Problem:
Copy exactly, please, the lines of the data from its start through the line containing "パデッド　ジップアップ　スタンドベスト　N1032".

Data for this exercise:
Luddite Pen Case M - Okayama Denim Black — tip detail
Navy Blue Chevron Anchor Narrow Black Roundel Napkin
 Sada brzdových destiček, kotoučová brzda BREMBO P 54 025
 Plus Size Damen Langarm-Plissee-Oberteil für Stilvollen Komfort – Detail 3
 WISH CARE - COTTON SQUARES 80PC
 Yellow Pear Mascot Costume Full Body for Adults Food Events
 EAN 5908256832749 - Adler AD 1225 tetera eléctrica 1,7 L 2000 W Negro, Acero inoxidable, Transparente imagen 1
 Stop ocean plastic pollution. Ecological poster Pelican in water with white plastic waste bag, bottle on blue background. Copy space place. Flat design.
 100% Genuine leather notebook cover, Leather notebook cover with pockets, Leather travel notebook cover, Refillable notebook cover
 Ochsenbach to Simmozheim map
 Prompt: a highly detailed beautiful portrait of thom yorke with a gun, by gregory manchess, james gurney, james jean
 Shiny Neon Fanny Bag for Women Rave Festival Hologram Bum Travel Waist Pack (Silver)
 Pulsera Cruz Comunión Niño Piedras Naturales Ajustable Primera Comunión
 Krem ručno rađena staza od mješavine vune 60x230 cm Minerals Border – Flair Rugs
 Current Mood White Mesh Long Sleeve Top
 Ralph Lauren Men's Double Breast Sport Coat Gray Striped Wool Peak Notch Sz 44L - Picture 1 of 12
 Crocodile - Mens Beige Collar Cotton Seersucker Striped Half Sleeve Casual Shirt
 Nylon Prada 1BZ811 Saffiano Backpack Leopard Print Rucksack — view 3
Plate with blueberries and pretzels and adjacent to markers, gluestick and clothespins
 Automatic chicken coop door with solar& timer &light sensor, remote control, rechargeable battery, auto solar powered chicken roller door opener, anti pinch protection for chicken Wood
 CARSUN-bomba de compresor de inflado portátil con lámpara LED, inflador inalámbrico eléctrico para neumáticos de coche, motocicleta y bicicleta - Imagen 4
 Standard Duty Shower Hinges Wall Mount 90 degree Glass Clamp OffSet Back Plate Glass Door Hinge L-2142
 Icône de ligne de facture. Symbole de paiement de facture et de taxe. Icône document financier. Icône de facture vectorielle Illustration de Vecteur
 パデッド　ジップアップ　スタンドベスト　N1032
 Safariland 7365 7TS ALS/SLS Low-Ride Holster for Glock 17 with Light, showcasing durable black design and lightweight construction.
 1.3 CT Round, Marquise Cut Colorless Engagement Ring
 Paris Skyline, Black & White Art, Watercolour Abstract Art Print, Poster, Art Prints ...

Answer to this problem:
Luddite Pen Case M - Okayama Denim Black — tip detail
Navy Blue Chevron Anchor Narrow Black Roundel Napkin
 Sada brzdových destiček, kotoučová brzda BREMBO P 54 025
 Plus Size Damen Langarm-Plissee-Oberteil für Stilvollen Komfort – Detail 3
 WISH CARE - COTTON SQUARES 80PC
 Yellow Pear Mascot Costume Full Body for Adults Food Events
 EAN 5908256832749 - Adler AD 1225 tetera eléctrica 1,7 L 2000 W Negro, Acero inoxidable, Transparente imagen 1
 Stop ocean plastic pollution. Ecological poster Pelican in water with white plastic waste bag, bottle on blue background. Copy space place. Flat design.
 100% Genuine leather notebook cover, Leather notebook cover with pockets, Leather travel notebook cover, Refillable notebook cover
 Ochsenbach to Simmozheim map
 Prompt: a highly detailed beautiful portrait of thom yorke with a gun, by gregory manchess, james gurney, james jean
 Shiny Neon Fanny Bag for Women Rave Festival Hologram Bum Travel Waist Pack (Silver)
 Pulsera Cruz Comunión Niño Piedras Naturales Ajustable Primera Comunión
 Krem ručno rađena staza od mješavine vune 60x230 cm Minerals Border – Flair Rugs
 Current Mood White Mesh Long Sleeve Top
 Ralph Lauren Men's Double Breast Sport Coat Gray Striped Wool Peak Notch Sz 44L - Picture 1 of 12
 Crocodile - Mens Beige Collar Cotton Seersucker Striped Half Sleeve Casual Shirt
 Nylon Prada 1BZ811 Saffiano Backpack Leopard Print Rucksack — view 3
Plate with blueberries and pretzels and adjacent to markers, gluestick and clothespins
 Automatic chicken coop door with solar& timer &light sensor, remote control, rechargeable battery, auto solar powered chicken roller door opener, anti pinch protection for chicken Wood
 CARSUN-bomba de compresor de inflado portátil con lámpara LED, inflador inalámbrico eléctrico para neumáticos de coche, motocicleta y bicicleta - Imagen 4
 Standard Duty Shower Hinges Wall Mount 90 degree Glass Clamp OffSet Back Plate Glass Door Hinge L-2142
 Icône de ligne de facture. Symbole de paiement de facture et de taxe. Icône document financier. Icône de facture vectorielle Illustration de Vecteur
 パデッド　ジップアップ　スタンドベスト　N1032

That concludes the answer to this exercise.